NEAR REAL TIME RIVER DISCHARGE OBSERVATION AND FLOOD INUNDATION MAPPING USING SATELLITE REMOTE SENSING PRODUCTS
1. The Dartmouth Flood Observatory (DFO), in collaboration with the European Commission’s Joint Research Center, launched the 3rd version of its “River Watch” data service. River Watch use satellite microwave sensors (TRMM, AMSR-E, AMSR-2, and GPM) that provide daily global coverage to monitor river discharge at selected gauging sites. Rating curves relating site surface water area (and thus flow width) to water discharge are accomplished using a global hydrology model (WBMplus). Once a River Watch site is established, daily discharge observations are provided, as well as flow statistics, between 1998 and the present (updated daily). This approach is an innovative ways of incorporating remote sensing and numerical models data streams into useful hydrologic knowledge in ungagged rivers.
2. DFO NRT flood inundation mapping portal is based on NASA Goddard Space Flight Center automated MODIS processor. Daily water extent maps are provided globally and maps of current major flood events are featured at the DFO home page. A new procedure of pre-compiling flood maps based of past events is showcased. These maps provide a library of past flood events associated with selected River Watch sites. A repository of inundation maps of past flood events in the U.S. is currently in development in collaboration between DFO, the Surface Dynamics Modeling Lab and the newly established NOAA National Water Center (NWC). This project utilizes a suit of satellite platforms (MODIS, Landsat, SAR) and classification techniques to generate a web-based portal for medium- and high-resolution flood maps.

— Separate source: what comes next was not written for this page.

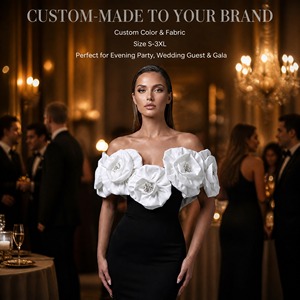 Abito da Sera Nero Personalizzato Senza Spalline per Donne, Corpetto in Tessuto Bianco con Fiori e Cristalli, Elegante e Formale, Vendita all'Ingrosso - Product Image 3
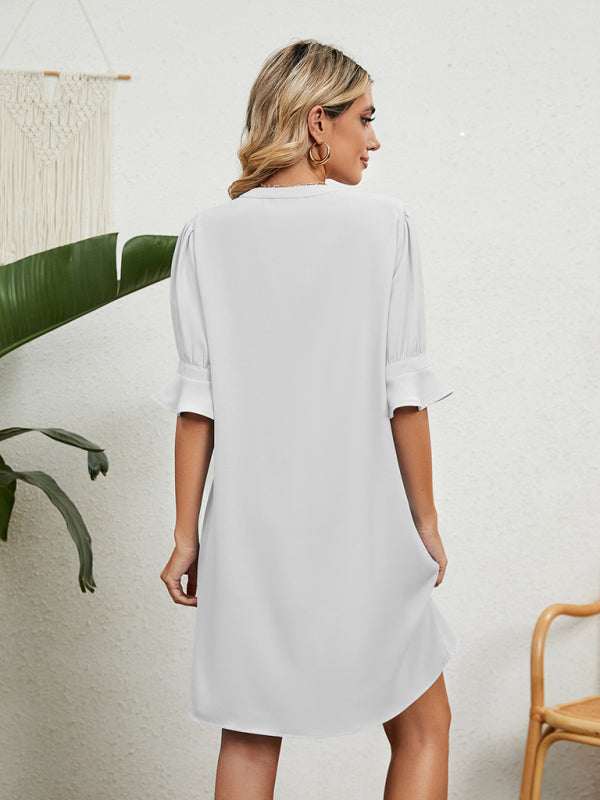 This New solid color V-neck loose gathered five-quarter sleeve dress is made for those looking for a casual yet stylish outfit. The v-neck design and five-quarter sleeves provide a comfortable and loose fit, perfect for any occasion. Made with top-quality fabric, this dress will give you a chic and elegant look.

Among other potential applications, the repository is intended as a key resource for calibrating and validating hydraulic models as part of a new hyper-resolution national flood prediction system currently under development at the NWC.
3. A new procedure for estimating water depth from SRS flood extent data is introduced. This new GIS-based algorithm is based on extracting the elevation of cells at the margins of an inundation extent polygon (from an underlying DEM) and inheriting these downslope. Here we present comparison between the new algorithm and depth estimations using hydraulic modeling of various flood events.